# I would like to know on how to play pc games without using Splashtop Streamer, etc.



## jrdngreenberg3 (Dec 25, 2011)

I would like to know on how to play pc games on my iPad. But I do not want to use Splashtop Streamer, because I am not so thrilled with it. The main reason is why I don't like it is because I want to use my bluetooth gamepad to play my pc games from my computer remotely. But the problem is that the bluetooth only has a range of like 30 feet, which is terrible for me. Can I extend the bluetooth range by using a wire hanger, and attach it to my bluetooth dongle? Wil that give it a more boost and better range? Just let me know about that. But mainly, the bottom line is that I am looking for a way to make my wifi go like to 1 mile. But I would probably have to buy a big antenna for this. Is that so? Just let me know more about that. 

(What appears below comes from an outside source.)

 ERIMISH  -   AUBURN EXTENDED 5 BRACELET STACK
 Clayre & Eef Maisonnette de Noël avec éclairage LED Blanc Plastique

And also, I do not like using Splashtop Steamer to stream my laptop remotely to my computer. It is not the greatest for me though. Do ou know if they have any Harry Potter pc games that are on the App Store? Like do they have Harry Potter and the Chamber of Secrets? Or the Sorcerer's Stone? I really want to download these pc games from an app somewhere. Or how about Cydia? Would they have something like that? Just explain to me on more about that. So please get back to me asap on this. And I would like to know about my wifi, and also how to play my pc Harry Potter games, but I don't want to stream them. So that's that. So thank you very much! :angry: :sad:


----------



## Masterchiefxx17 (Feb 27, 2010)

You could see if you could use TeamViewer on both your PC and iPad.


----------



## joeten (Dec 4, 2008)

Bluetooth is limited so you cannot extend it beyond its max.
I have not heard of any Harry potter games for the Ipad.
cydia you will have to research https://www.google.co.uk/search?q=c...hannel=sb&gfe_rd=cr&ei=lE2TU5qwEYnR8gf7soH4Cw


----------